日曜は乗車料無料になった市バスの全路線
2024.01.31 up
下部に日曜日の無料バスサービスの案内が記されたサンパウロ市営バスの車内
年に1回、サンパウロ市内では公共交通機関であるバスやメトロのストが実施され、運賃が確実に値上がりしていきます。昨年も12月から二年ぶりにメトロ代が値上がりし、一回の乗車が4.40レアル(133円)から5.00レアル(150円)になりました。サンパウロでは全区間が一律料金です。
例年、メトロとバス代は同じ料金のまま同時に同じ価格が値上がりしてきましたが、昨年はバスは4.40レアルのままで、メトロ代だけが5.00レアルに値上がりしました。市民にとっては交通費の値上がりは確実に生活への負担になります。
これを受けて、昨年12月11日、リカルド・ヌーネス・サンパウロ市長は、「ドミンゴン・タリファ・ゼロ-サンパウロを探訪、発見、生活する(Domingão Tarifa Zero-explore, descubra, viva São Paulo”)」というスローガンのもと、翌週の17日から日曜日には市内の全路線でバス料金の無料サービスを開始しました。日曜以外の祝祭日にも適用されます。
日曜日のサンパウロ市営バスのバス停の一つ
この措置は、公共交通機関の利用を促進し、レジャー、公園、スポーツセンター、文化イベントへのアクセスを拡大し、経済と雇用の供給を改善することを目的としています。

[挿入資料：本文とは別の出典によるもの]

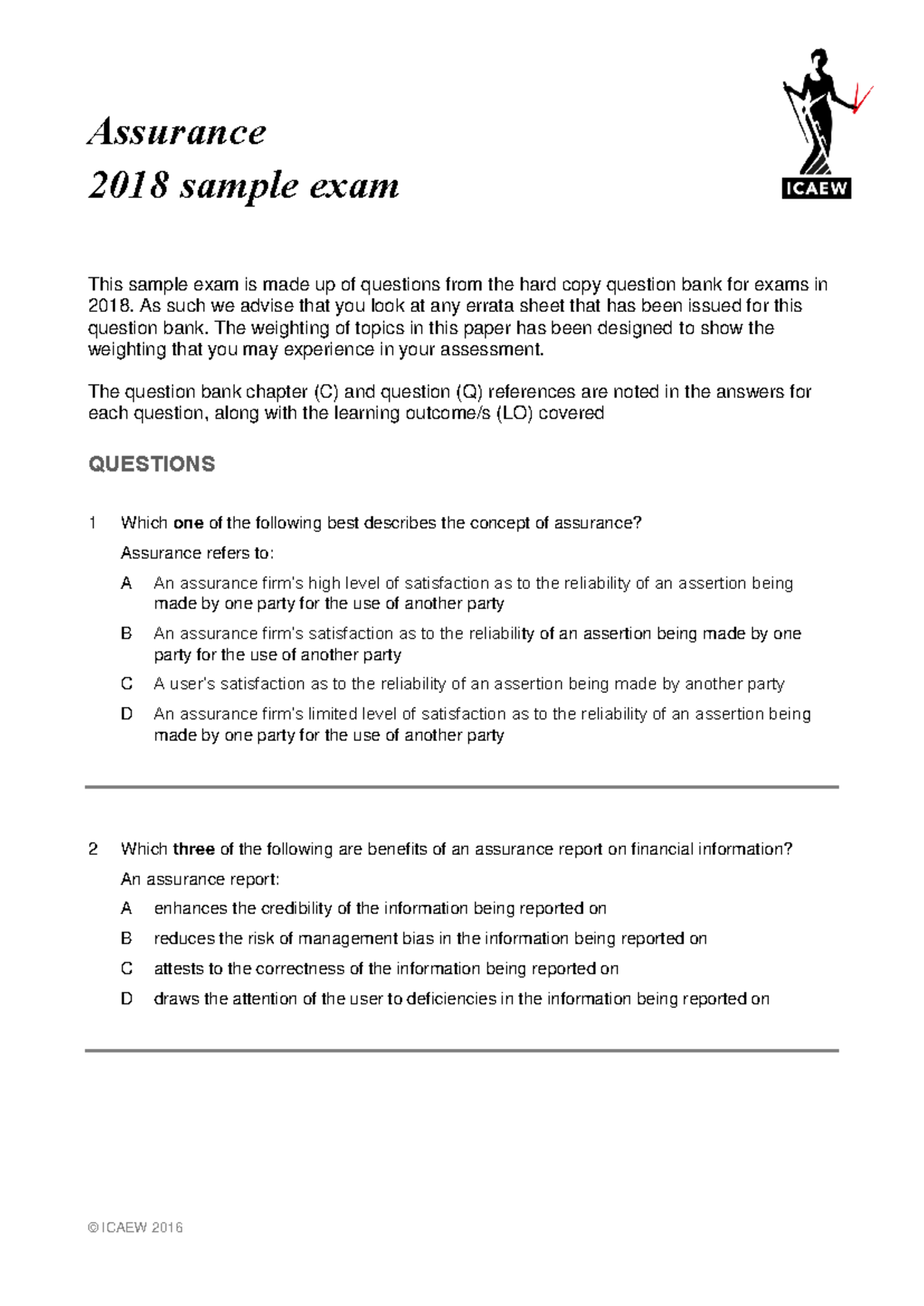 2018 Assurance sample exam - Assurance 2018 sample exam This sample ...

昨年のSPTrans(サンパウロ交通)の調査では、220万人の乗客が 1175の市営バスを利用していましたが、日曜日にはバスの空きスペースが時間帯によっては 60%あり、財源的にも日曜日に無料サービスを実施しても赤字にはならないということです。
一般的な労働者は会社から通勤用の交通費は支給されても、休日用の交通費は支給されません。子供が3人いる家庭の場合、往復のバス代だけで一日で44レアル(1325円)が必要になります。ブラジルではその価格は決して安いとは言えません。

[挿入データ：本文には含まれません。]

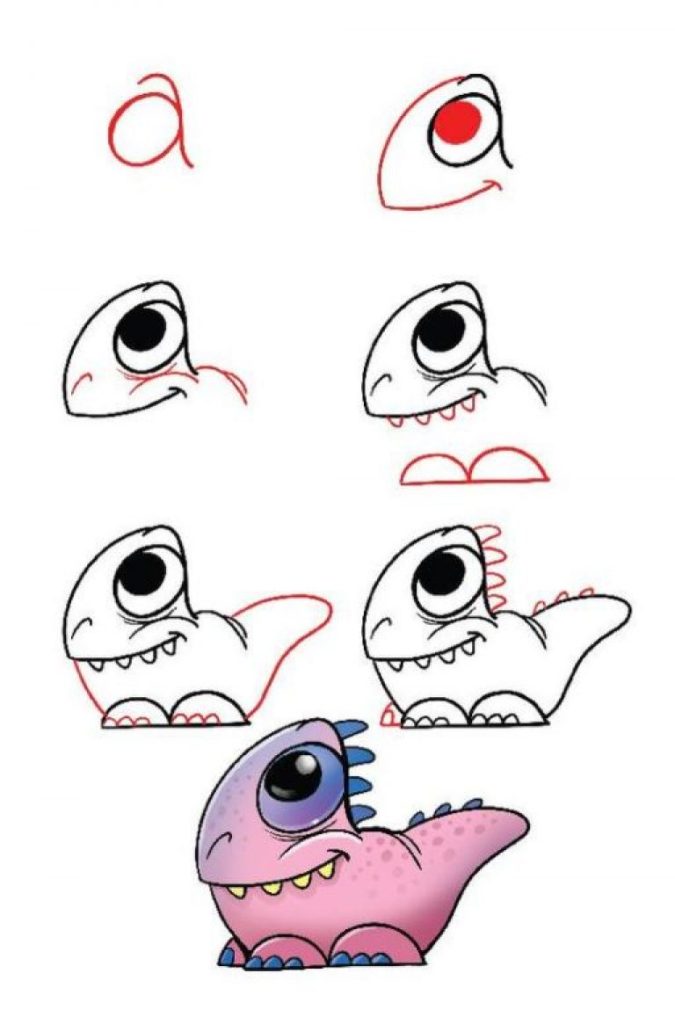 how to draw a cartoon dinosaur easy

バスの無料サービスにより、家族での往来が活発になる方が経済効果も高まり、市民生活の満足度も高まるということもあると、このサービスに対してヌネス市長も強調しました。
日曜日の無料バスサービスの案内が記されたサンパウロ市営バスの案内サイト
テレビやメトロ、バスの車両内でもこの新しいサービスについて大体的に案内されています。しかし、実際に日曜日にバスを利用してみると、思いの他、このサービスの利用者が少ないような印象を受けます。

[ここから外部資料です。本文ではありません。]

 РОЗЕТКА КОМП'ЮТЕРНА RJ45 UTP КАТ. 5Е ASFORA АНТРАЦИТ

日曜日には、国や民間施設、ショッピングモール以外に、市の運営する文化施設だけで78、公園・広場が112、スポーツ施設が45カ所あります。他にも歩行者天国で開催される露天市など、観光スポットにもなっている見どころもたくさんあります。
サンパウロ市内のバスはどこにでもアクセスでき、メトロを併用しなくてもどこにでも行けます。日曜日は運航するバスの便数は少ないですが、道路もすいており、渋滞に巻き込まれることも少なく、乗車できれば目的地までスムーズに到着できます。
今後、この新しい行政サービスがどのような結果になるか、サンパウロ市でも行方が注目されます。